We are seeking a Cloud Operations Lead to support a leading IT R&D organization in Kolkata. This role ensures the stability, performance, and security of cloud-based systems while driving operational excellence through proactive monitoring, incident management, automation, and capacity planning. You will lead cross-functional teams, optimize cloud resources for cost efficiency, and champion automation to reduce manual effort and improve reliability.

Key Responsibilities

Cloud Operations & Reliability

Manage day-to-day operations across production, staging, and development cloud environments within an R&D context.
Ensure high availability of services through robust monitoring, alerting, and incident response processes.
Lead root cause analyses (RCA) and post-mortem reviews to drive continuous improvement.
Implement observability practices including logging, tracing, and metrics for proactive issue detection.
Oversee patch management and maintenance to ensure systems remain secure and up-to-date.

Automation & Optimization

Develop and maintain automation scripts for provisioning, scaling, and monitoring cloud resources.
Optimize cloud usage through rightsizing, reserved instances, and cost governance (FinOps).
Standardize operational runbooks and playbooks to streamline processes and reduce manual effort.

Security & Compliance

Enforce security baselines, including IAM, encryption, and network segmentation across cloud services.
Collaborate with security teams to implement cloud-native security tools and respond to threats.
Ensure compliance with regulatory standards and audits (SOC 2, ISO 27001, GDPR, HIPAA where applicable).

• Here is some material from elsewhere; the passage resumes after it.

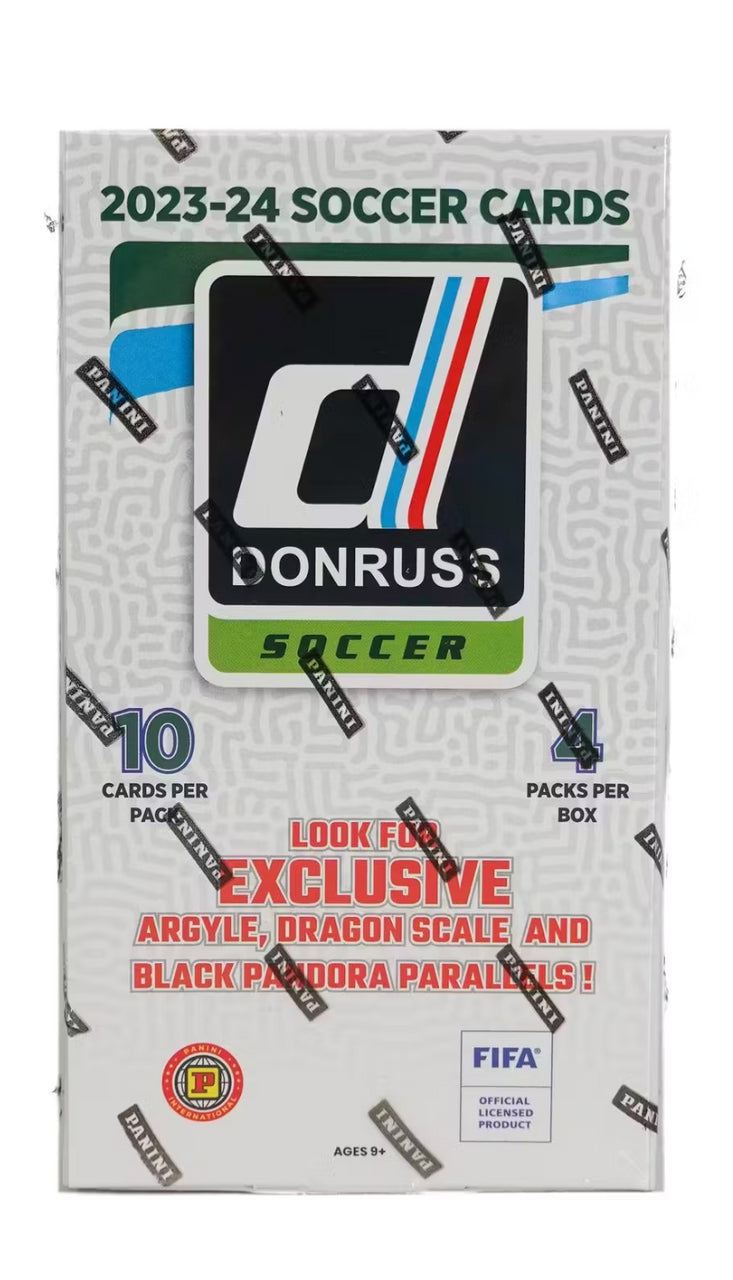 2023-24 Panini Donruss Soccer International Hobby Box 1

Team Leadership & Collaboration

Lead, mentor, and develop a team of cloud operations engineers.
Promote a culture of SRE/DevOps best practices, automation, and operational reliability.
Partner with application, DevOps, and networking teams to support business-critical R&D initiatives.
Act as escalation point for critical incidents and operational challenges.

Vendor & Stakeholder Management

Manage relationships with cloud providers (AWS, Azure, GCP) and monitoring tool vendors.
Provide operational metrics and status updates to senior leadership.
Collaborate with finance to align cloud cost forecasts and budget planning.

Required Qualifications

Education & Experience

Bachelor's degree in Computer Science, IT, or a related field.
58 years of experience in cloud operations, SRE, or IT infrastructure.
2+ years in a leadership role managing operational teams, preferably in an R&D environment.

Technical Skills

Expertise in at least one major cloud platform (AWS, Azure, GCP).
Hands-on experience with monitoring and observability tools (CloudWatch, Datadog, New Relic, Prometheus).
Strong knowledge of Infrastructure as Code (Terraform, CloudFormation, ARM templates).
Experience with incident management frameworks (ITIL, SRE principles, PagerDuty/On-Call rotations).
Familiarity with container orchestration (Kubernetes, ECS, AKS, GKE) and CI/CD pipelines.
Understanding of cloud security best practices and compliance frameworks.

Soft Skills

Proven ability to lead and inspire teams in a fast-paced R&D environment.
Strong problem-solving, decision-making, and communication skills.
Collaborative mindset to work effectively with technical and business stakeholders.

Preferred Qualifications

Cloud certifications (AWS SysOps, Azure Administrator, Google Cloud DevOps Engineer, or equivalent).
Experience managing multi-cloud environments.
Knowledge of FinOps and cost governance frameworks.
Familiarity with ITIL processes or formal service management frameworks.

Key Success Metrics

System Uptime: Meet or exceed availability SLAs (>99.9%).
Incident Response: Reduced MTTR (Mean Time to Resolution) for critical incidents.
Cost Efficiency: Optimize resource utilization and achieve measurable cloud cost savings.
Automation: Increase automation coverage for operational tasks year over year.
Team Performance: Maintain high team engagement and development.